Un integrante de Cítrica lo conoció en la secundaria. En este texto cuenta su experiencia personal con quien fue asesinado en el momento en que socorría a Maximiliano Kosteki, durante la represión del 26 de junio del 2002.

Hay quienes llevan en el alma un viento, son livianos pero implacables. Hay otros que tienen en sus manos un río, y son pura energía en movimiento constante. Pero hay algunos que poseen ambos; esos son los imprescindibles. Y Darío Santillán fue una de esas personas, hechas de viento y de río, que cada tanto aparecen para recordarnos que es preciso trabarle las mandíbulas a un sistema que no pide permiso para tragarnos, y mucho menos disculpas.

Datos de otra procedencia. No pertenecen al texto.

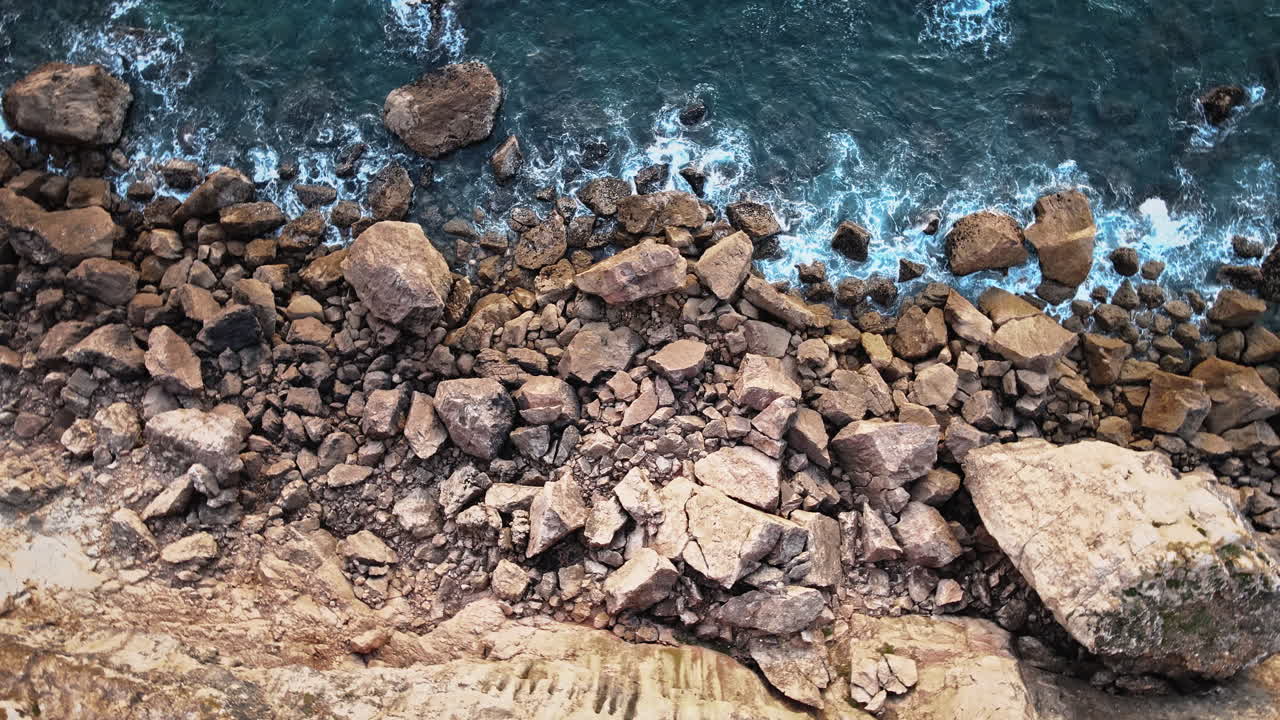 La telecamera esegue una panoramica in senso orario su una costa rocciosa spettacolare dove le onde si infrangono sui massi, catturando l'energia selvaggia dell'Atlantico di Sagres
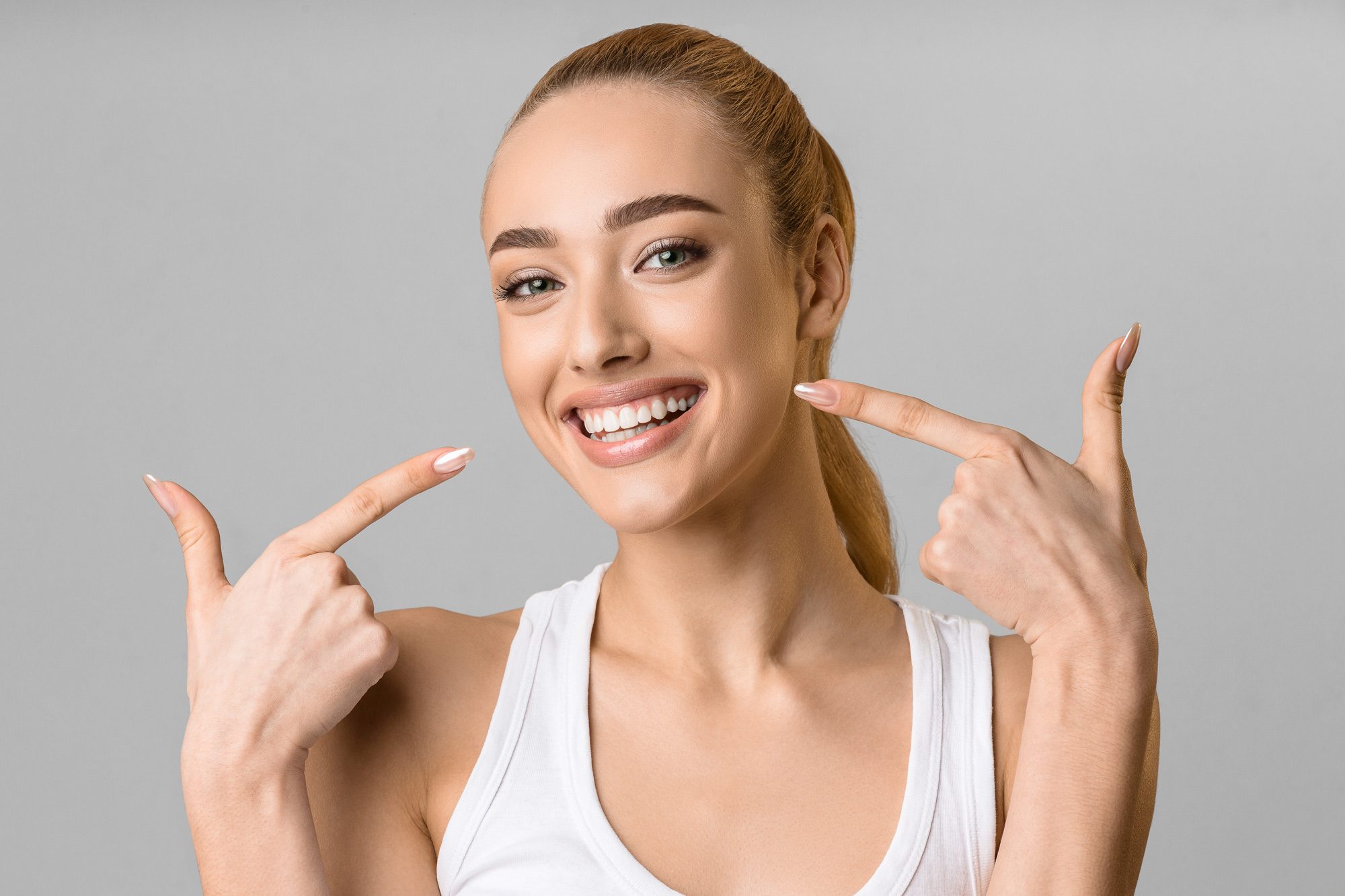 woman smiling after getting composite veneers from west richland family dental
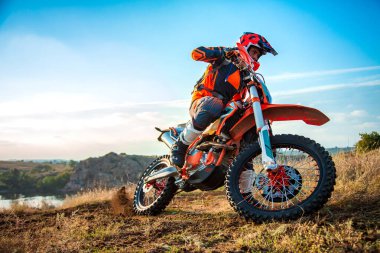 Motokros sporcusu, parlak güneşli bir günde kayalık bir yolda hızlandırıyor, koruyucu giysiler ve turuncu kıyafetler giyiyor. Off-road macera ve ekstrem sporlar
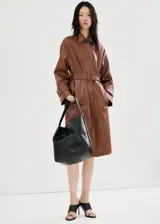 Chaqueta larga de cuero sintético marrón con efecto charol, solapas clásicas, cierre frontal oculto y cinturón ajustable con hebilla del mismo material. Cuenta con bolsillos laterales y mangas largas con trabillas en los puños.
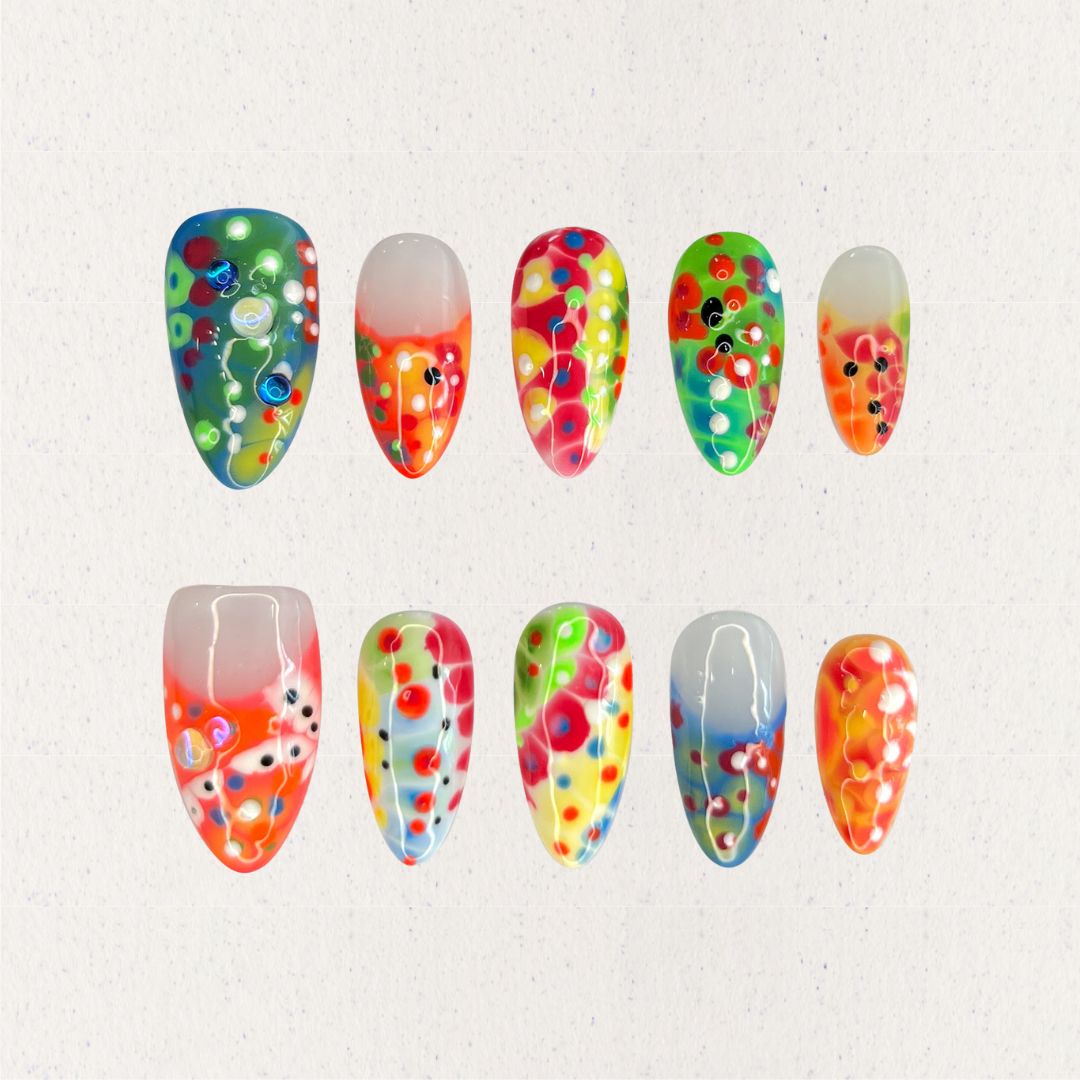 Neon Mirage nails are a vivid display of neon colors with layered dots and abstract patterns, perfect for a lively and energetic vibe.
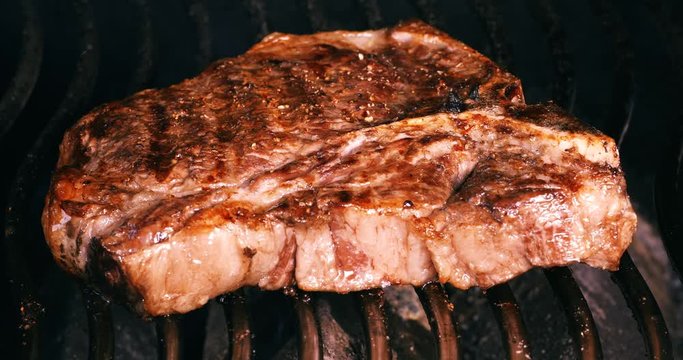 C4K closeup shot of the seasoned t-bone steak on a barbecue grill
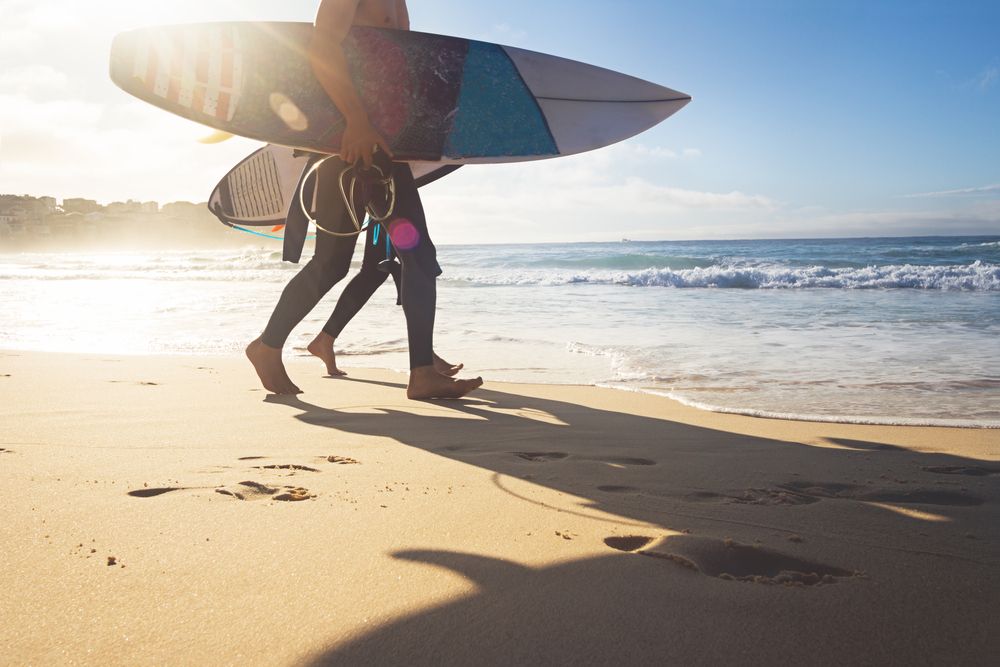 People holding their surf boards near the shore of bondi beach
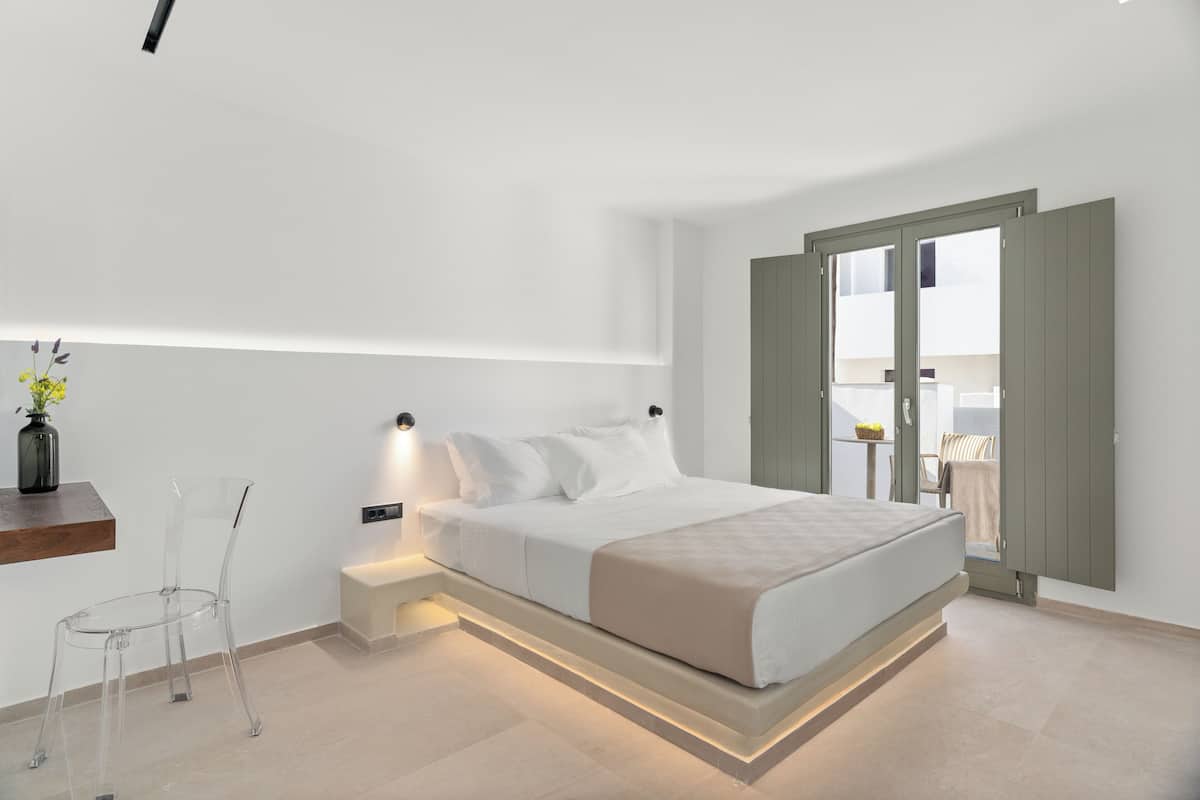 A modern bedroom with a bed, bedside table, and a clear chair.
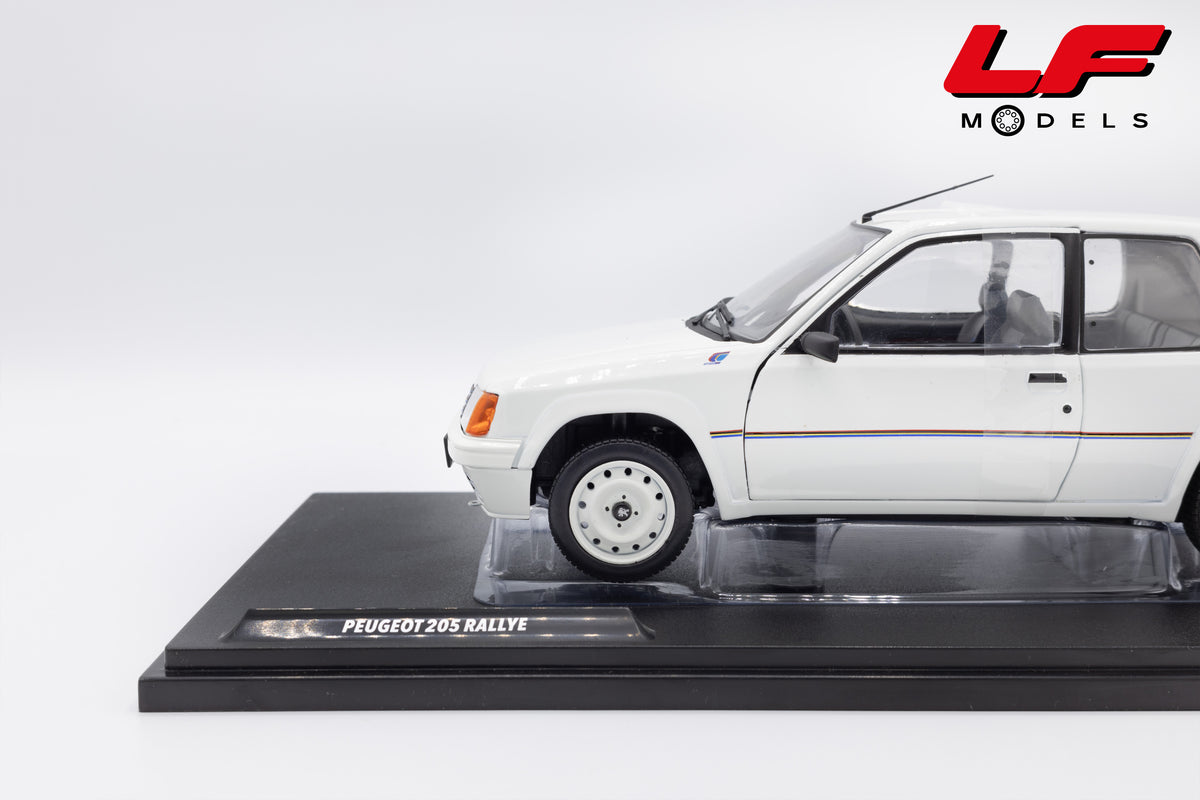 modellino peugeot 205 1.3 rally solido 1:18 1801701 vista laterale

Y a veces uno tiene la posibilidad, por casualidades de la vida nomás, de acercarse a estos hombres viento y río, y de pronto encontrarse contagiado de esa energía, de ese ímpetu de resistencia y de creatividad para enfrentar las injusticias de la vida. Así fue, al menos en mi caso, como en 1997 -en una escuela secundaria del partido de Quilmes, la Media N°2 Don Luis Piedrabuena, en el sur del conurbano bonaerense- que tomé contacto con Darío y otros chicos y chicas que integramos lo que se denominó en aquel entonces un Cuerpo de Delegados; es decir, un tipo de organización horizontal que vino a reemplazar el clásico Centro de Estudiantes y que supuso más de un disgusto para las autoridades, tan amigas de las jerarquías estudiantiles.

Como no éramos compañeros de curso, porque mi turno era la mañana y el de Darío la noche, solíamos encontrarnos en reuniones dentro y fuera de la escuela con los demás compañeros y compañeras, o en los días que se organizaba algo, como cuando, junto a los alumnos de la Escuela Técnica N° 3 de Solano, llevamos adelante un festival solidario por las inundaciones en la zona; o una sentada frente al colegio en la avenida principal para protestar contra la Ley Federal de Educación y el Polimodal, que se estaban implementando en ese momento por el menemismo como forma de precarizar la educación.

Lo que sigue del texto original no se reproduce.